# Insigne a Toronto. Ufficiale. Lo stipendio monstre.



## admin (4 Gennaio 2022)

Sky: in serata Insigne ha firmato il contratto che dalla prossima stagione lo legherà al Toronto. Le cifre del trasferimento: 11,5 milioni di euro a stagione più 4,5 milioni di bonus legati a gol e assist. L'annuncio ufficiale arriverà entro l'inizio della prossima settimana.


----------



## rossonero71 (4 Gennaio 2022)

admin ha scritto:


> Sky: in serata Insigne ha firmato il contratto che dalla prossima stagione lo legherà al Toronto. Le cifre del trasferimento: 11,5 milioni di euro a stagione più 4,5 milioni di bonus legati a gol e assist. L'annuncio ufficiale arriverà entro l'inizio della prossima settimana.


E c'è gente che non arriva a fine mese....


----------



## Solo (4 Gennaio 2022)

Probabilmente dopo l'Europeo si considera appagato e vuole godersi la vita. Non lo biasimo.


----------



## diavoloINme (4 Gennaio 2022)

admin ha scritto:


> Sky: in serata Insigne ha firmato il contratto che dalla prossima stagione lo legherà al Toronto. Le cifre del trasferimento: 11,5 milioni di euro a stagione più 4,5 milioni di bonus legati a gol e assist. L'annuncio ufficiale arriverà entro l'inizio della prossima settimana.


Pensano solo ai soldi.
Ambizioni sportive zero.

Buona vita.
Il calcio si scordera' di te..


----------



## Divoratore Di Stelle (4 Gennaio 2022)

diavoloINme ha scritto:


> Pensano solo ai soldi.
> Ambizioni sportive zero.
> 
> Buona vita.
> Il calcio si scordera' di te..



Che poi certe cifre potrebbero far vacillare noi poveri mortali,non certo i calciatori di oggi.
Con tutto quello che anche Insigne avrà guadagnato in tutta la sua carriera,immagino possa vivere di rendita lui,la famiglia e la futura famiglia dei figli.


----------



## SoloMVB (4 Gennaio 2022)

Sono convinto che il suo procuratore avrà sondato le 3 big italiane ricevendo 3 porte in faccia,per uno stipendio da 4-5 / 5 da una delle 3 sarebbe rimasto in A.


----------



## Tsitsipas (4 Gennaio 2022)

Secondo me farà 2-3 anni... il tempo di monetizzare e poi tornerà come ha fatto elsha in qualche squadra tipo roma p Fiorellina. a 33 anni. in tempo per continuare a giocare in nazionale e non finire tra i dimenticati come giovinco.


----------



## Andris (4 Gennaio 2022)

mancini scelga un altro numero dieci per i playoff...questo ha mollato mentalmente.


----------



## Jino (4 Gennaio 2022)

Solo ha scritto:


> Probabilmente dopo l'Europeo si considera appagato e vuole godersi la vita. Non lo biasimo.

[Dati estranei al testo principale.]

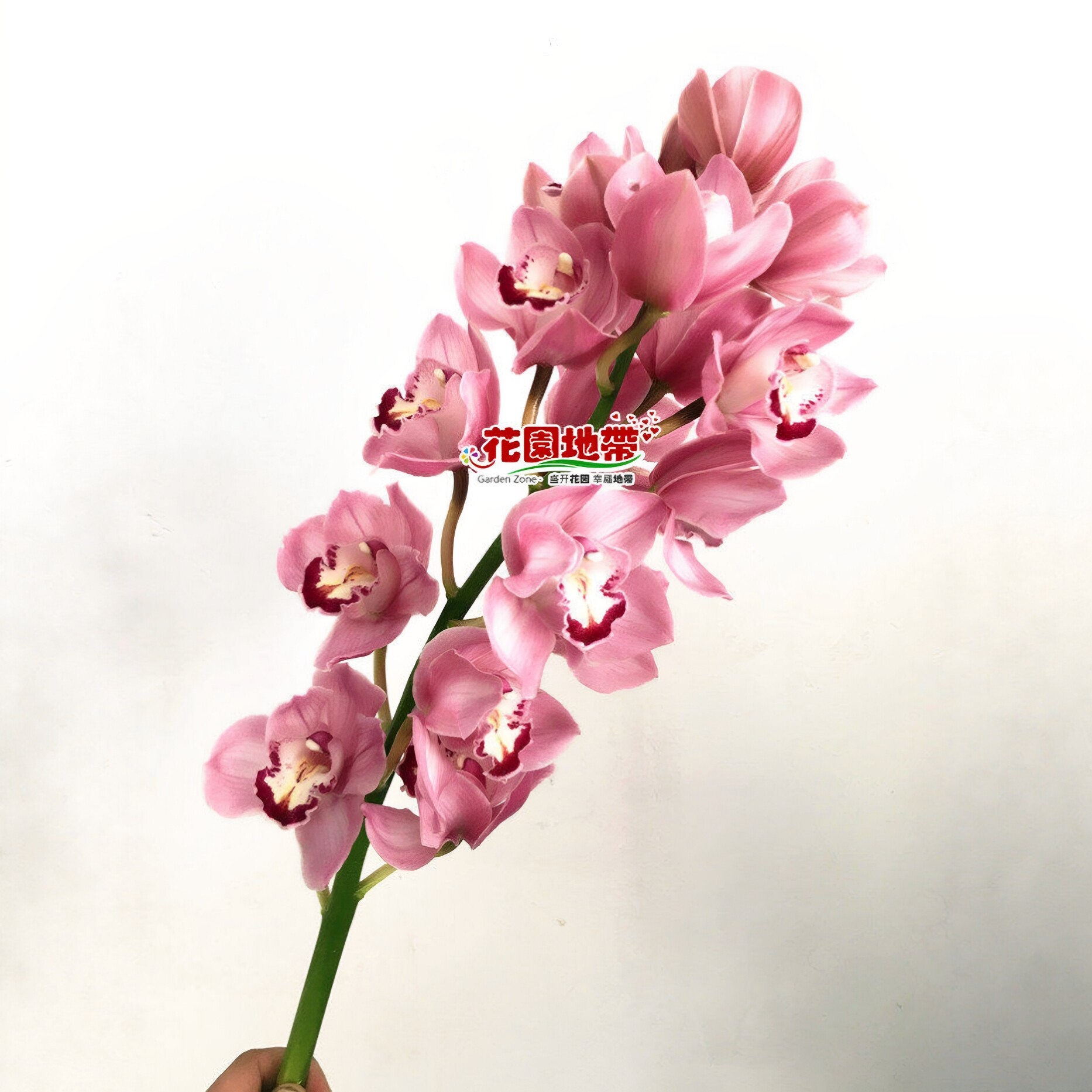 轻奢花艺进口大花蕙兰水培鲜花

Oggi Insigne prende 4,5 mln. Se a 30 anni nel pieno della tua carriera ti propongono la metà per rimanere, cosi hanno detto e nessuno ha smentito....e poi arriva uno a dartene 3/4 volte tanto, come fai a non sederti con la tua famiglia attorno ad un tavolo a non pensarci?

Io non gliene faccio una colpa, però spero si non sentire frasi del tipo "vado per il progetto", "è un campionato in grande crescita".....basta un "signori è un'offerta che non si poteva rifiutare".


----------



## Jino (4 Gennaio 2022)

SoloMVB ha scritto:


> Sono convinto che il suo procuratore avrà sondato le 3 big italiane ricevendo 3 porte in faccia,per uno stipendio da 4-5 / 5 da una delle 3 sarebbe rimasto in A.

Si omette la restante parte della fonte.